The recent advancements in federated learning (FL) and differential privacy (DP) have significantly shaped the direction of privacy-preserving machine learning. FL continues to evolve with innovations aimed at addressing the challenges of data heterogeneity, computational efficiency, and fairness. Notably, the integration of low-rank adaptation (LoRA) with FL has shown promise in reducing computational burdens on resource-limited devices while maintaining privacy. Additionally, novel frameworks like Wasserstein Fair Federated Learning (WassFFed) and EPIC have advanced the field by ensuring fairness and privacy in distributed settings.
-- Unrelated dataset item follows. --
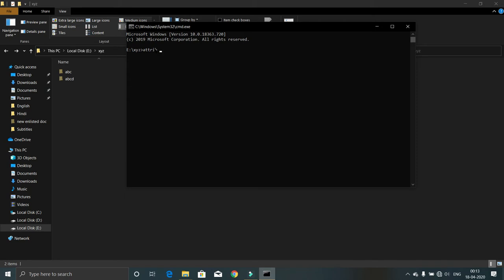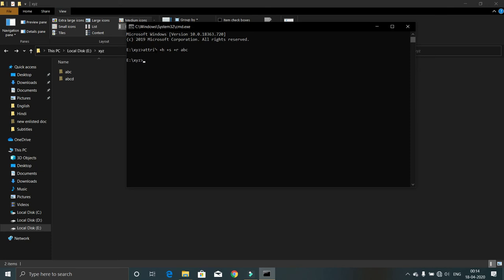Plus h, plus s, plus r, then the name of the file you want to hide. For me it is ABC, then enter.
These developments underscore the shift towards more decentralized and privacy-aware optimization frameworks, which are crucial for sensitive applications such as healthcare and finance. Furthermore, the exploration of DP in online learning and class imbalance scenarios has provided deeper theoretical insights and practical solutions, enhancing the robustness of privacy-preserving algorithms. The noteworthy papers in this area include EPIC, which demonstrates a universal decentralized optimization framework, and WassFFed, which effectively balances accuracy and fairness in federated settings.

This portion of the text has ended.